Skate trainers are used to assist those just learning how to skate. Similar to a walker, they give new skaters something stable to grasp as they learn to balance on their skates. Skate trainers are lightweight and often foldable for convenient storage. Make sure you use one that’s sturdy enough to support the beginner’s body weight.
Skate laces and tighteners
When shopping for replacement laces, be sure to check the packaging and get the right length for your skate size. Wax laces are better than the non-wax variety for tying your skates up snug, but a good lace tightener is designed to help give your laces that extra pull for the perfect fit. Metal lace tighteners are a bit more expensive, but they’re also more durable.
Helmets are a must for anyone learning to skate. Young skaters must wear helmets and should also consider knee and elbow pads to help protect them from tumbles on the ice. Skate blades should be covered with skate guards when not in use: they keep the edges sharp and prevent injury to others. Those playing hockey will need to buy a full set of hockey-specific safety gear, including a helmet with visor, protective cup, hockey gloves, hockey pants and shoulder pads.
Molded from plastic and featuring a chromed metal cag, the Road Warrior Protégé Deluxe Street Hockey Goalie Mask is designed to help provide full face protection with a pro-style look and feel. It’s also fully adjustable with a padded back head plate and five-point elastic harness system to fit most players.
Young ones new to skating could benefit from snow pants to keep them dry and help cushion their numerous falls. Recreational skaters should wear comfortable, warm clothes that aren’t baggy. Hockey players perform best with thermal tops and bottoms worn under their hockey gear. For figure skaters, a leotard with a skirt for a girl and athletic pants and a sweater for a boy is most appropriate.
For extra care of your blades and skate boot, use a skate wiping cloth.
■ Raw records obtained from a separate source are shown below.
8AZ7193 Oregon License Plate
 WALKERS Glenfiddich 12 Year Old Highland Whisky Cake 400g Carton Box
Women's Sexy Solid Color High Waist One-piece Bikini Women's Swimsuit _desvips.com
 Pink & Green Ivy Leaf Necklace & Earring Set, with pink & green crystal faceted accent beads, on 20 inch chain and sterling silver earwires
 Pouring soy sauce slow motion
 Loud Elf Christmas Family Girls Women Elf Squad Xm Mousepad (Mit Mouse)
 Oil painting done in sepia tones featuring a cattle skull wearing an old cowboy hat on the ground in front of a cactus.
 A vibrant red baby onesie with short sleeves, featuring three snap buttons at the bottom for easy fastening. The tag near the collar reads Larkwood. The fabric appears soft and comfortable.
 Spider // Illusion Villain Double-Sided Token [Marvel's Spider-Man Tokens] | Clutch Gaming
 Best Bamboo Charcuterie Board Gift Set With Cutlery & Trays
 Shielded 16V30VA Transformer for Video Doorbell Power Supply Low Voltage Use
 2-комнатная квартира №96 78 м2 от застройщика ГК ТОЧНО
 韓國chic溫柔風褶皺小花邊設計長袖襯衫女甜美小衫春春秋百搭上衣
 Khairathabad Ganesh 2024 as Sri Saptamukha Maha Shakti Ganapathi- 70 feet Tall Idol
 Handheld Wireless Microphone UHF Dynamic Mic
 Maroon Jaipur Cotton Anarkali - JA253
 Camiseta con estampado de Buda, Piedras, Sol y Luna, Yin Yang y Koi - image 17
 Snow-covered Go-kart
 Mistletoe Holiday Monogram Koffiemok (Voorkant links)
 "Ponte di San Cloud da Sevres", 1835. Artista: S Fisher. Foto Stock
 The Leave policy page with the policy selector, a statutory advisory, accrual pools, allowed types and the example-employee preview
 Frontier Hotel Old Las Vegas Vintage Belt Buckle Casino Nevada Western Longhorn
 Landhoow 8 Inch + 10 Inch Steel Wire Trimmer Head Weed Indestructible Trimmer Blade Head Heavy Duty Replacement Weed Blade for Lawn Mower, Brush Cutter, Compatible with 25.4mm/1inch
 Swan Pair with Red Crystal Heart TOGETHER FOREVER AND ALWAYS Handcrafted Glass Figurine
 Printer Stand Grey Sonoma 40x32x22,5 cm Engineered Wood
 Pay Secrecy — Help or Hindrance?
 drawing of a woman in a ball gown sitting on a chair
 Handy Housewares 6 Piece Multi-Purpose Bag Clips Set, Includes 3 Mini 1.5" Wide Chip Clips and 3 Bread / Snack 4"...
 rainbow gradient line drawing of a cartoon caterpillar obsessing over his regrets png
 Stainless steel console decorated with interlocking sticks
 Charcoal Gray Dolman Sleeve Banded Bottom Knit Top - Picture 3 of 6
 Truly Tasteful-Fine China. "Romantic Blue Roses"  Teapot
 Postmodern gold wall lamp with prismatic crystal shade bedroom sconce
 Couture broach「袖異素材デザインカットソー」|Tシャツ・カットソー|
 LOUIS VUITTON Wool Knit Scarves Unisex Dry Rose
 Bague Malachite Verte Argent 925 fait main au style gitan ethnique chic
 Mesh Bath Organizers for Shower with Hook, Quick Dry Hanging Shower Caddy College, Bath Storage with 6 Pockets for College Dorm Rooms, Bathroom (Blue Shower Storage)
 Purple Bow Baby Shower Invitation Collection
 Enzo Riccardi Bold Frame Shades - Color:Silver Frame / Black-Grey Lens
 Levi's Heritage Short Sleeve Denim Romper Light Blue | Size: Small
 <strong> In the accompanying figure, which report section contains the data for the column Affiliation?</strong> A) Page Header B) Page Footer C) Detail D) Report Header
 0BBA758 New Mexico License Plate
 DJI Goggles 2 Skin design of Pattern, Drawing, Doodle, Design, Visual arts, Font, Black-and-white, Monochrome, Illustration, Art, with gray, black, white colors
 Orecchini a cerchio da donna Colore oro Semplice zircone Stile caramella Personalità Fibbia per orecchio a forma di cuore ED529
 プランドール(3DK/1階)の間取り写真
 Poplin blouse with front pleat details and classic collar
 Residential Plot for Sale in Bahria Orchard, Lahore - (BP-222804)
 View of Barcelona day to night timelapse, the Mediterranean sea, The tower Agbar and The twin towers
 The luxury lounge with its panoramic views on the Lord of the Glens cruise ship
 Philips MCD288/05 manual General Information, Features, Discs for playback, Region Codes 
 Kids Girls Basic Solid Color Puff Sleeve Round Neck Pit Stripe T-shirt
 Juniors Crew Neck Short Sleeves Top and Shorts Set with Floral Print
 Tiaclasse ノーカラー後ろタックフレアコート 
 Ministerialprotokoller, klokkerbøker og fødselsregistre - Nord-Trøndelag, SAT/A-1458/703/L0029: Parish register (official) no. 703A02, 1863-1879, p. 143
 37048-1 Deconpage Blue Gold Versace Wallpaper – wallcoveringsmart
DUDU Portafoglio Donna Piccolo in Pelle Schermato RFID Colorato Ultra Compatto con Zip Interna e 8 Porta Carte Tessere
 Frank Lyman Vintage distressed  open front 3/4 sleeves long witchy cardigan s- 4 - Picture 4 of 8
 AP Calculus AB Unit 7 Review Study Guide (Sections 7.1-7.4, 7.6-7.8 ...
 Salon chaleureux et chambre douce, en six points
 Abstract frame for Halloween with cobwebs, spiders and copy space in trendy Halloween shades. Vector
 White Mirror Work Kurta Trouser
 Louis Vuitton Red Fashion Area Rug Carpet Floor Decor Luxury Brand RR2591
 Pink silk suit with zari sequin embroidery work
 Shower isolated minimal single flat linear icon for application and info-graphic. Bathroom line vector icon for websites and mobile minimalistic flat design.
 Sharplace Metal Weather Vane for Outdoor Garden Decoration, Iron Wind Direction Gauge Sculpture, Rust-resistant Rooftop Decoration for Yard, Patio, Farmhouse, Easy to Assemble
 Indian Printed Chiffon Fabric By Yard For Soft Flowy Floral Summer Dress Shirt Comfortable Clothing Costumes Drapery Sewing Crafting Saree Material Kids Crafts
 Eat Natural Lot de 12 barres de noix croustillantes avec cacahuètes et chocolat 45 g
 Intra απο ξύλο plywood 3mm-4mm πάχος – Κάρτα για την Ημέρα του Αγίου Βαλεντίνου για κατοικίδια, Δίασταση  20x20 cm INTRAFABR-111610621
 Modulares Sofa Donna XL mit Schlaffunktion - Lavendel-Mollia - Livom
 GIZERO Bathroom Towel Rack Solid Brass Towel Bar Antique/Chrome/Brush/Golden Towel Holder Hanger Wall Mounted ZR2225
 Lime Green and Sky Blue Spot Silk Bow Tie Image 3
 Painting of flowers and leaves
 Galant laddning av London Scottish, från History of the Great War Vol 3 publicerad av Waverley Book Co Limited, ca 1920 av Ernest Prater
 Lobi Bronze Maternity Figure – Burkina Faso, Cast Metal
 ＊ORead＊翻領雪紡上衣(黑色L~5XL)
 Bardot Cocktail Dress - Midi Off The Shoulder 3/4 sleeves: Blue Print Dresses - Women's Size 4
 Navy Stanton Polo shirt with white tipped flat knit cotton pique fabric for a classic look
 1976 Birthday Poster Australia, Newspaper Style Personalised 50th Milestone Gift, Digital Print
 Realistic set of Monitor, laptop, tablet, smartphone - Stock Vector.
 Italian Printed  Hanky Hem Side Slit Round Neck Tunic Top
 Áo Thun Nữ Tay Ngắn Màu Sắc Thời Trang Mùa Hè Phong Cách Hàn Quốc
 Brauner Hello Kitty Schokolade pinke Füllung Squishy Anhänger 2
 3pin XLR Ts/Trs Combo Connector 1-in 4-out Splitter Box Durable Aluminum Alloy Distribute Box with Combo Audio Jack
You can also purchase a blade soaker to prevent the blades from rusting when not in use.
Feet can get cold when skating, especially on outdoor ice rinks. Socks should provide proper insulation and help wick away moisture from the skin.
Help keep feet warm and cozy so you can enjoy longer ice time with thermal socks like these pretty-in-pink beauties by Kodiak. Heavyweight cotton fibers insulate against the cold, while spandex helps keep socks in place.
When it comes to ice skating essentials, there’s more to the sport than just skates. Having the right gear and accessories is key to a safe, comfortable family outing to the local indoor rink. When is the best age to introduce kids to skating? Karen De Vito, a professional skating coach, tells Today’s Parent that kids are ready to start on skates somewhere between the ages of three and five. Be patient, she cautions parents. “It’s a whole new environment, new equipment and new skill set,” De Vito explains. “It can take quite a while for children to start to feel confident.”